**Your task**
In the records below, find the line that contains "-粗茶淡饭·汉口公馆(循礼门店)" and the line that contains "TOTAL SCIENCE (U.K) & SURVIVAL (SCAR) (U.K)". Set down exactly those lines and every line between them, and nothing more.

**Exercise data**
=== Section Start ===

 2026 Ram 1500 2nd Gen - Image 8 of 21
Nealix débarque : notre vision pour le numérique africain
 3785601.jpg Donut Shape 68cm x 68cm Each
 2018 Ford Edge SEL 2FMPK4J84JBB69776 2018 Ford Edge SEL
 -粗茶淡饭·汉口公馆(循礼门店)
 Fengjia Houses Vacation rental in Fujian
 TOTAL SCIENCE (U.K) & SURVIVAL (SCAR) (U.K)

=== Section End ===
=== Section Start ===

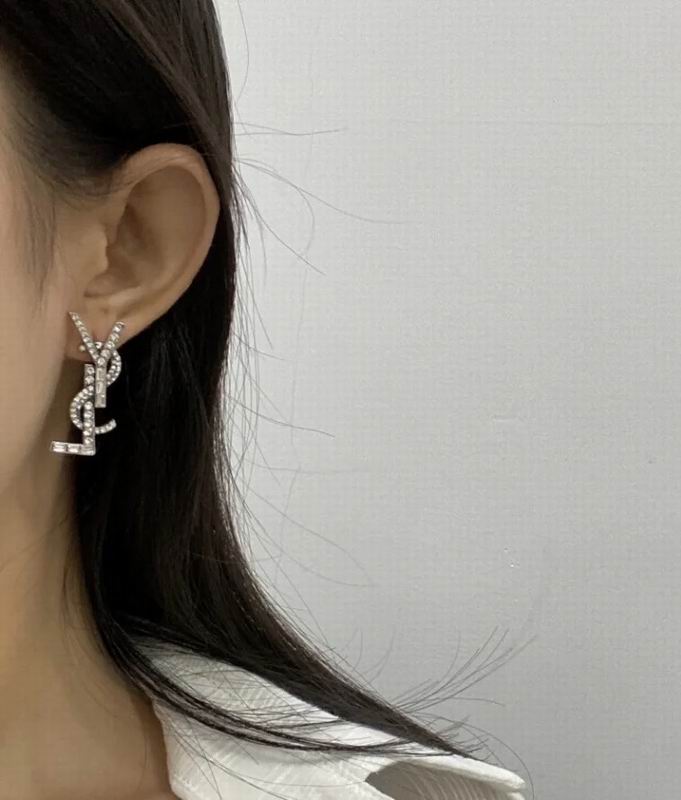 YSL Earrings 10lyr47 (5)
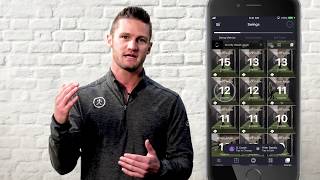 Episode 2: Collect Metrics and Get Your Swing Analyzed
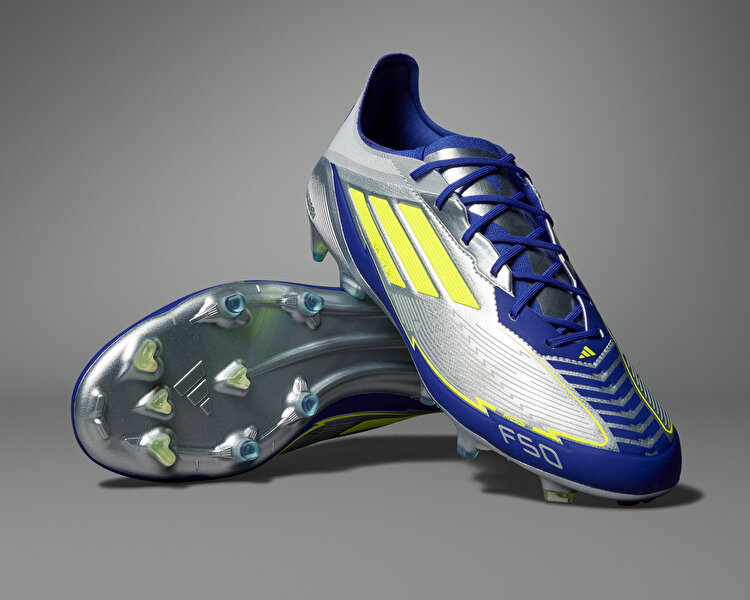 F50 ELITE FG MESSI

=== Section End ===
=== Section Start ===

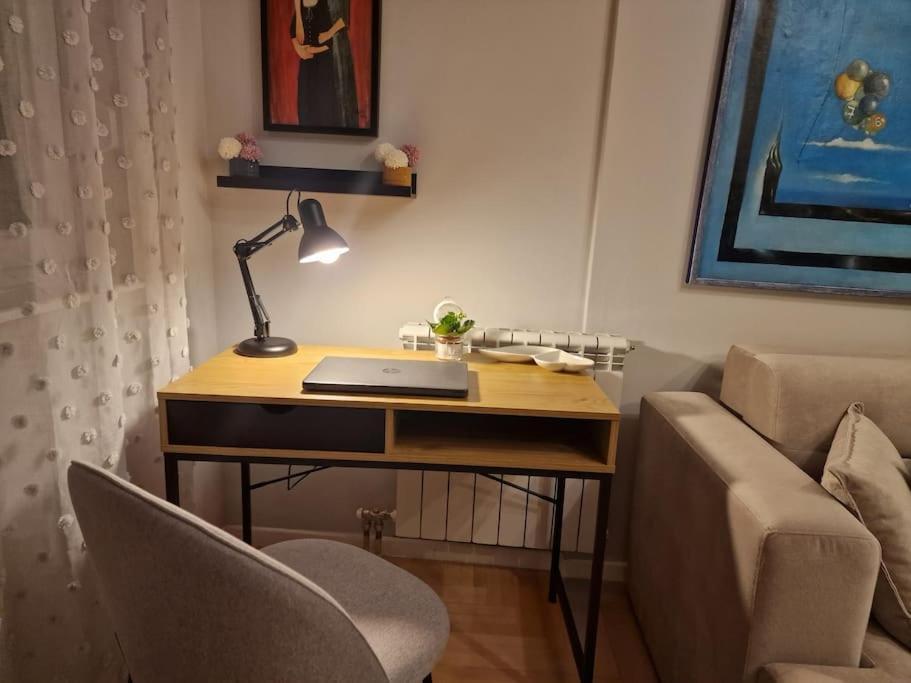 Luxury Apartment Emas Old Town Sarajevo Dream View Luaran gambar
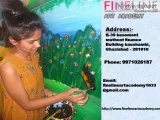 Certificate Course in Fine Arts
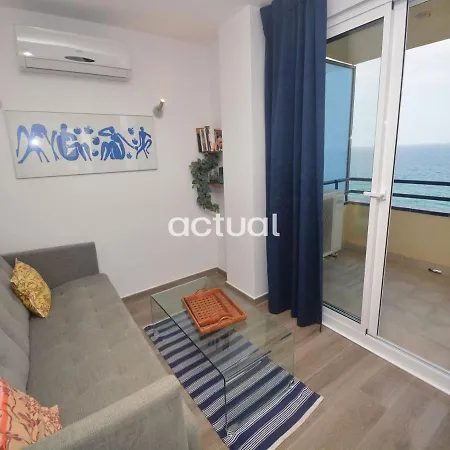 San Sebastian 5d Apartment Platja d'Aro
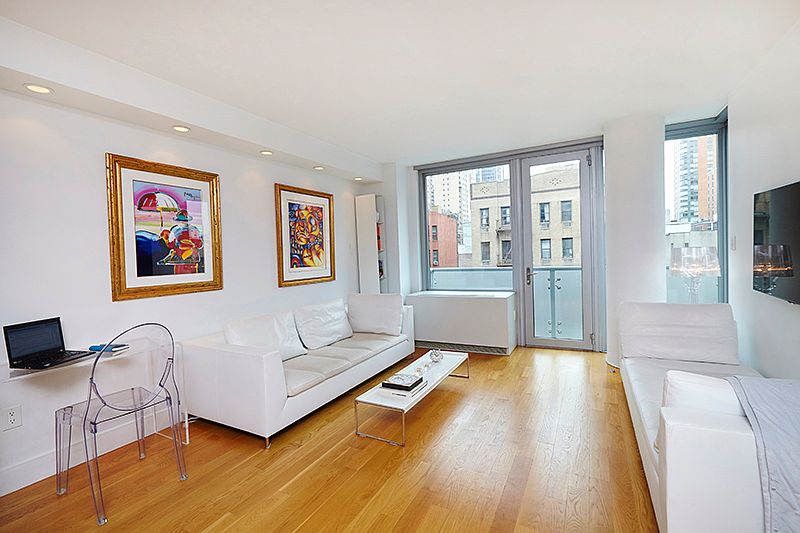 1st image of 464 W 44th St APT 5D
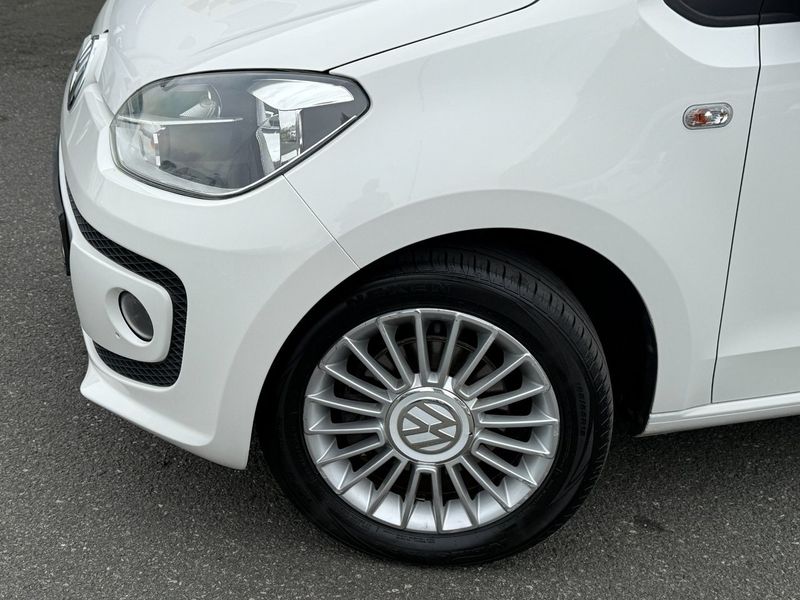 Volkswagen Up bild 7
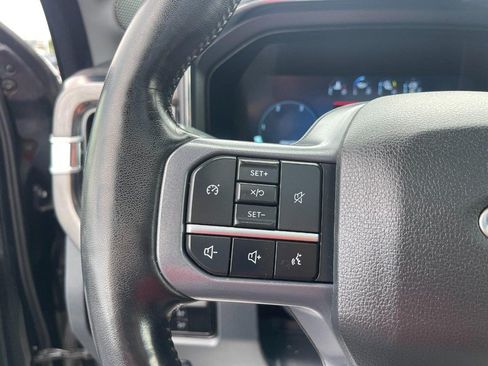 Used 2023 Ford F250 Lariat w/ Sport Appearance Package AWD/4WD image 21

=== Section End ===

**Solution below**
 -粗茶淡饭·汉口公馆(循礼门店)
 Fengjia Houses Vacation rental in Fujian
 TOTAL SCIENCE (U.K) & SURVIVAL (SCAR) (U.K)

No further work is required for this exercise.